-------- DATA PROVIDED
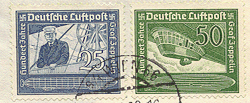 Count Ferdinand von Zeppelin surveys the terrain from his airship.  Click this stamp pair to view the envelope they are posted on.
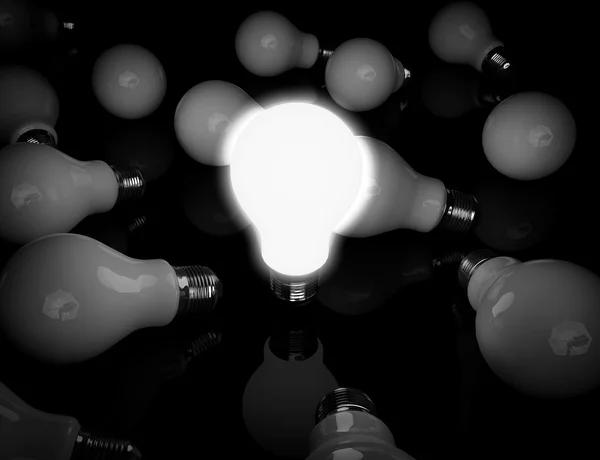 Idea concettuale. Una lampadina incandescente in piedi davanti alla luce spenta — Foto Stock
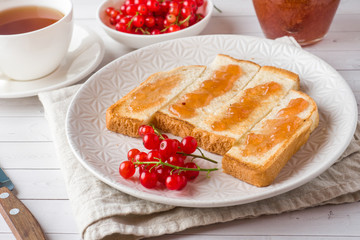 Healthy Breakfast with toast, jam and red currants, a Cup of coffee on the white table.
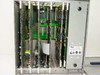 PictureTel S4000 interior view with card cage fully populated – multiple green PCBs installed and Onan power supply visible on right side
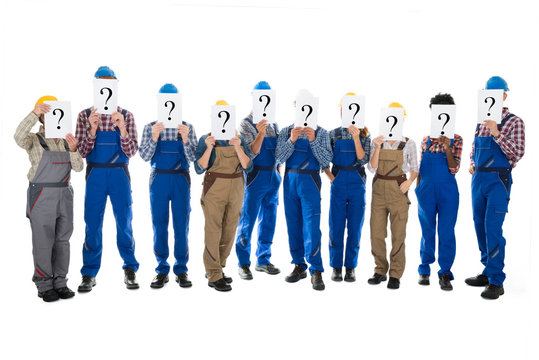 Construction Workers Hiding Faces With Question Mark Signs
----------------
WHAT TO WORK ON »
Return all entries preceding this task exactly as they stand, leaving any picture out.

REPLY »
 Count Ferdinand von Zeppelin surveys the terrain from his airship.  Click this stamp pair to view the envelope they are posted on.
 Idea concettuale. Una lampadina incandescente in piedi davanti alla luce spenta — Foto Stock
 Healthy Breakfast with toast, jam and red currants, a Cup of coffee on the white table.
 PictureTel S4000 interior view with card cage fully populated – multiple green PCBs installed and Onan power supply visible on right side
 Construction Workers Hiding Faces With Question Mark Signs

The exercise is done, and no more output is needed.